A origem desta expressão portuguesa pode explicar-se pela relação de causalidade que, em séculos anteriores, era estabelecida entre a ingestão de lacticínios e a diminuição de certas faculdades intele(c)tuais, especificamente a memória. A comprovar a existência desta crença existe o excerto da obra do padre Manuel Bernardes Nova Floresta, relativo aos procedimentos a observar para manter e exercitar a memória: «Há também memória artificial da qual uma parte consiste na abstinência de comeres nocivos a esta faculdade, como são lacticínios, carnes salgadas, frutas verdes, e vinho sem muita moderação: e também o demasiado uso do tabaco» (Manuel Bernardes, C. O., Nova Floresta, tomo 2, título V – Beneficência, Benignidade, páginas 206 e 207).

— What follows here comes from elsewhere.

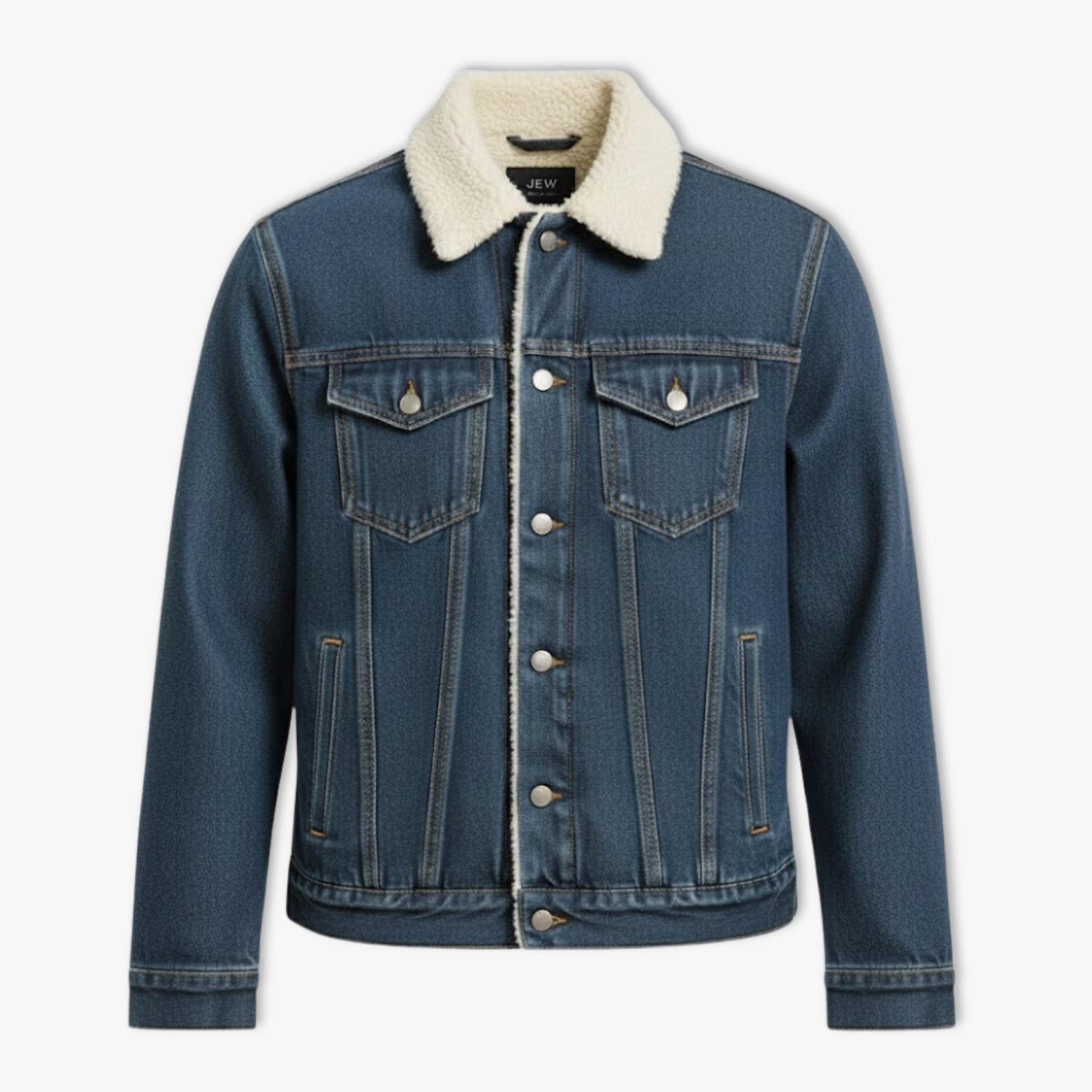 Men's Sherpa Lined Corduroy Trucker Jacket Cotton Fleece Cargo Workwear Coat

Sabe-se hoje, através dos conhecimentos provenientes dos estudos sobre memória e nutrição, que o leite e o queijo são fornecedores privilegiados de cálcio e de fósforo, elementos importantes para o trabalho cerebral. Apesar do contributo da ciência para desmistificar uma antiga crença popular, a ideia do queijo como alimento nocivo à memória ficou cristalizada na expressão fixa «comer (muito) queijo». Esta expressão, reconhecida e utilizada no seio da comunidade de falantes de língua portuguesa como significando «ser esquecido» ou «ter má memória», é designada por expressão idiomática ou unidade fraseológica, que tem por características, no campo da fraseologia (uma disciplina no conjunto dos estudos do léxico), uma elevada frequ[ü]ência, a institucionalização pela língua devido à reprodução ou repetição e a atribuição de um significado convencional.